Technology

A technology-centric approach to mass customization
The technology vision of BiblioLabs is to allow institutions to collect and digitally capture any content in any location, and to be able to process that content efficiently, in a flexible manner that supports any output format (BiblioLabs is format agnostic), and allows partners to customize the final product to meet their needs. To achieve this vision, the Company developed a hardware/software architecture that combines decentralized media aggregation with a centralized end-to-end software system, Global Book Manager (GBM) to manage the creation, marketing, enrichment and distribution of content.

BiblioLabs Global Book Manager Application Suite
The Company’s Global Book Manager (GBM) application suite represents an end-to-end enterprise software system that is centralized inside a secure, scalable data center, where banks of computers can work on the content creation process 24 hours a day. The vision for GBM is simple: (a) Take any type of media in any digital format; (b) Create finished products in products in a variety of formats (print or electronic); (c) Allow the books to be customized and/or branded by retail partners; (d) Allow communities the ability to enrich the information about the media (descriptions, biographies, reviews); and (e) Make the final product available in as many distribution channels as possible.

The GBM application suite database and storage engines are based primarily on an open-source service oriented architecture. GBM was architected as a scalable (ability to dynamically add processing nodes in a decentralized manner), modular (add and reuse software objects to add new application functionality), and extensible. Leveraging the distributed processing paradigm to maximize application performance, the system was designed to be manageable from any system with an Internet connection and directly integrated with systems from BiblioLife content partners, outsource quality assurance vendors, strategic retail partners and print-on-demand fulfillment partners. Because the system is “live” 24 hours a day, 7 days a week, BiblioLabs has built the GBM platform on a scalable, distributed and redundant hardware architecture to ensure system reliability and availability.

Perhaps the most technically challenging aspect of the GBM application suite was building the Core Processing Engine, a sophisticated application that automatically detects different source file attributes and applies appropriate processing parameters.  For example, the application is able to automatically detect certain image types (graphics versus text) within the same source file and process accordingly. For example, while graphic image are automatically processed using tonal curves, gamma correction and descreening, text pages are automatically converted to bi-tonal (to ensure font sharpness) and a median filter is applied to ensure text enhancement. All pages are processed using certain common functions such as deskewing, dewarping, alignment and despeckling. The result is a massively distributed application that automatically creates extremely high quality output from digital images of varying attributes.

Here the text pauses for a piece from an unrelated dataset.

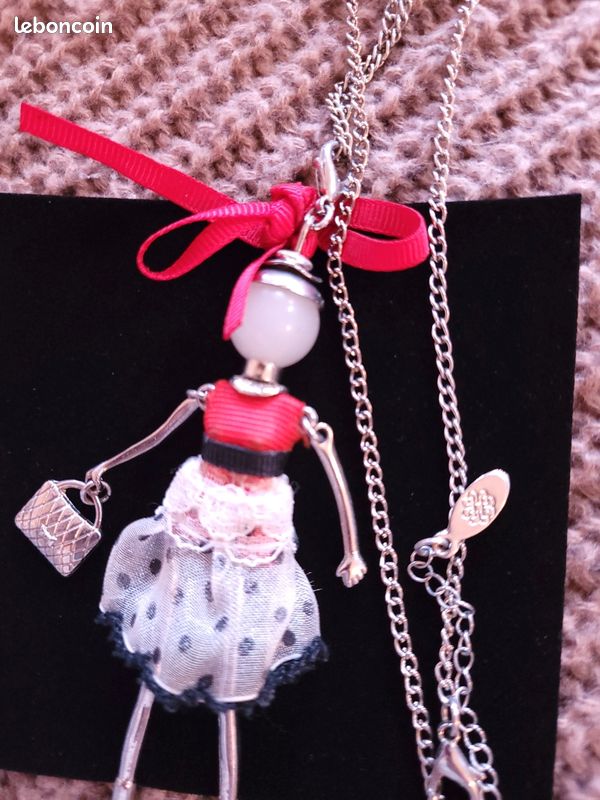 Sautoir Fantaisie Avec Pendentif Poupée - Chaîne Plate Argenté, Noir Et Rose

Similar to traditional enterprise applications such Enterprise Resource Planning or Customer Interaction Management, the GBM software application was designed to address the end-to-end management of the creation, customization and distribution of printed media. The Company plans to build enhancements to GBM in areas such book customization (custom forewords, inscriptions, covers, advertising, etc.), on-line analytic tools for general reporting and decision support, as well as API (application programming interface) enhancements to better support strategic retail partners.

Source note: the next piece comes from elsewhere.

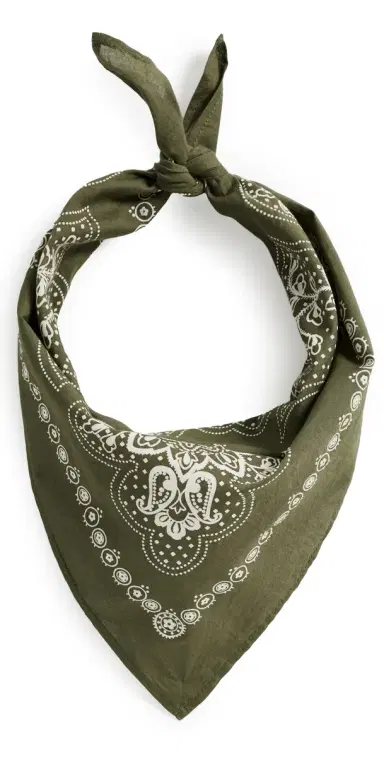 UNIVERSAL WORKS Classic Bandana Olive One Size | Thumbnail 1 UNIVERSAL WORKS Classic Bandana Olive One Size | Thumbnail 1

The GBM application and database architecture was built on the premise that it could blindly process or reject native digital media files, without prior knowledge of the size, file type or quality of the incoming content. Where a completely automated nirvana was not achievable, the application process provided an automated structure that significantly limited any minimal required human intervention (GBM QA Manager). The architecture dictated that all software components be self-contained re-usable objects, with each object running as a stand-alone application “service” that could be turned on or off on any given computer system (or even multiple application instances on the same system), thereby maintaining maximum throughput, efficiency and scalability.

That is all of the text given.